**WHAT YOU HAVE TO DO:**
Beneath this instruction is a block of data; output from it exactly the lines that run from the one containing "Womens Get More Pullover Hoodie" through the one containing "Joan Miro –", inclusive.

**RECORDS PROVIDED:**
- Opening Delimiter -
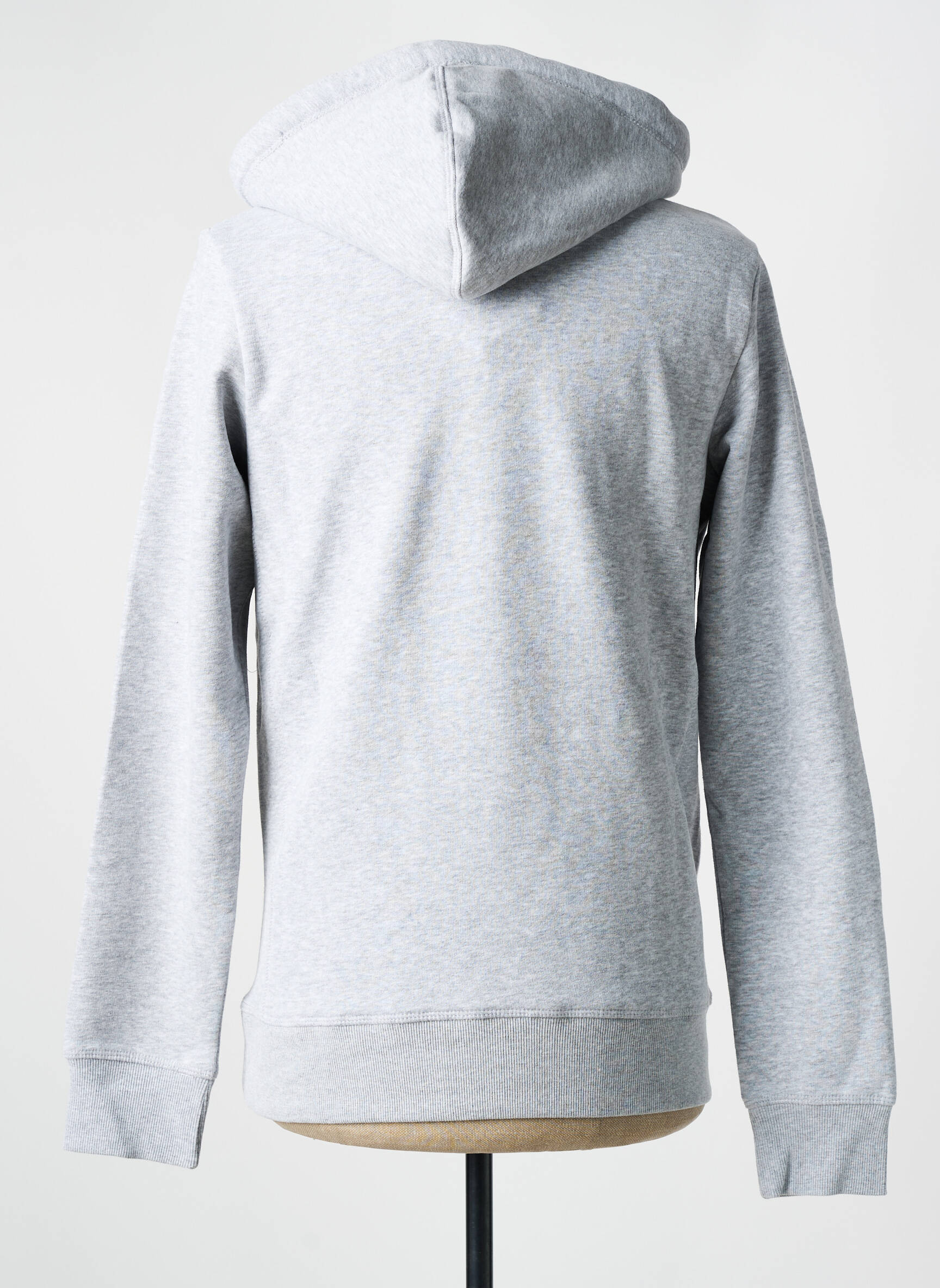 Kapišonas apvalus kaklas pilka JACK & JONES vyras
- Closing Delimiter -
- Opening Delimiter -
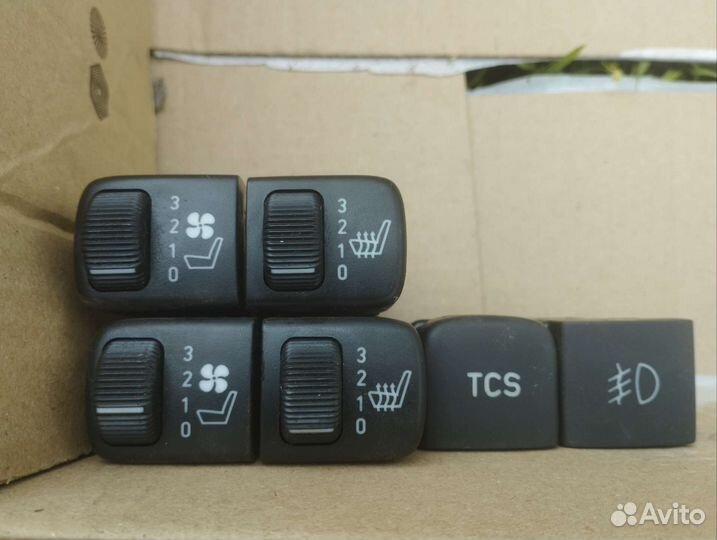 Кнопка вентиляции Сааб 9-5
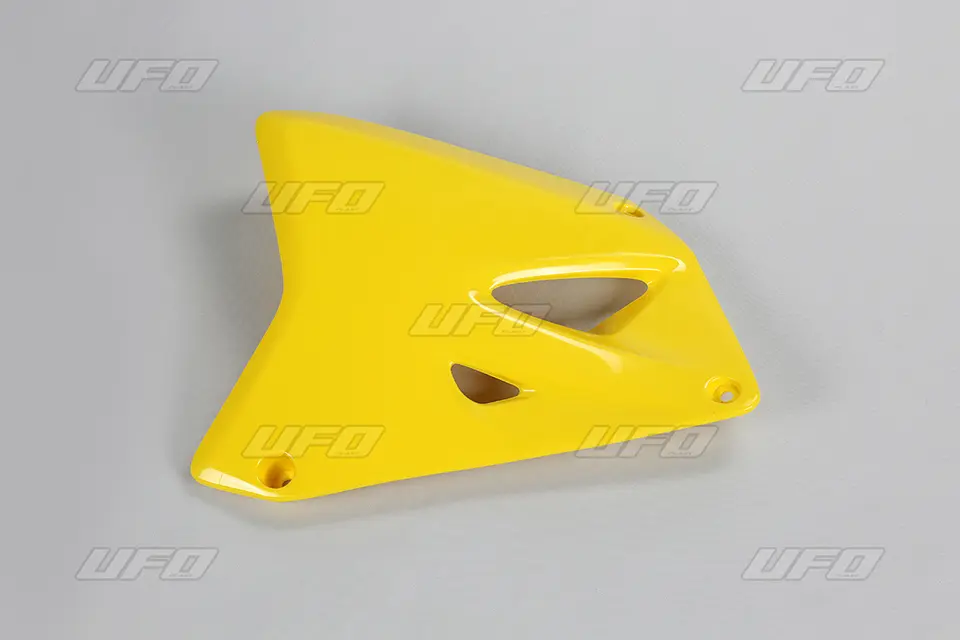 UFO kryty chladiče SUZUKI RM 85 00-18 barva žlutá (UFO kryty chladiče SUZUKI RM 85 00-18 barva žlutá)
- Closing Delimiter -
- Opening Delimiter -
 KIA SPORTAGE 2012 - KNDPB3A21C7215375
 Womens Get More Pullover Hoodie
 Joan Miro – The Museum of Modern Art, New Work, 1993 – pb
- Closing Delimiter -
**RESPONSE AREA:**
 Womens Get More Pullover Hoodie
 Joan Miro – The Museum of Modern Art, New Work, 1993 – pb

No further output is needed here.